社会保険、社会福祉、公的扶助、保健医療・公衆衛生からなる社会保障制度。
後期高齢者医療制度は社会保険の中の医療保険の一部として施行されています。
後期高齢者医療制度が社会保障制度の中でも特に重要視されるようになったのは、日本の人口の構成割合が大きく変化したことと関係しています。
1990年において日本の総人口はおよそ1億2361万人でしたが、そのうち75歳以上の後期高齢者の人口はおよそ597万人でした。
これは総人口の5パーセントに相当する割合で、この頃はまだ大きな問題とはなっていませんでした。
社会保障制度の見直しが本格的に検討されるようになったのは2000年代に入ってからで、2000年における後期高齢者の割合は、全人口の13パーセントまで増加しました。

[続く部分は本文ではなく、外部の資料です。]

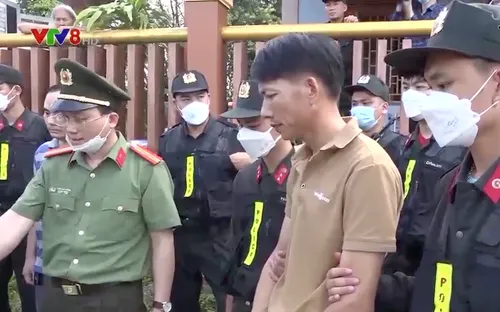 Quảng Bình triệt phá vụ vận chuyển, mua bán gần 1 tấn thuốc nổ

その一方で生産年齢人口の割合は減少していることから、社会保障制度のありかたについて、変革が求められるようになりました。

人口全体における後期高齢者の割合はその後も増加し続けたことから、社会全体で後期高齢者を支えることができるような、社会保障制度の実現が検討され、その結果として施行されたのが後期高齢者医療制度です。
従来の後期高齢者を対象とした社会保障制度と大きく異なっているのは、後期高齢者のための医療費を誰が負担するのかということが、より明確な点です。
後期高齢者医療制度においては、後期高齢者の医療の負担割合がそれぞれ決められていて、若年世代が給付費の40パーセントを負担するような仕組みになっています。
高齢者が給付費の10パーセントを負担することも、後期高齢者医療制度の特徴です。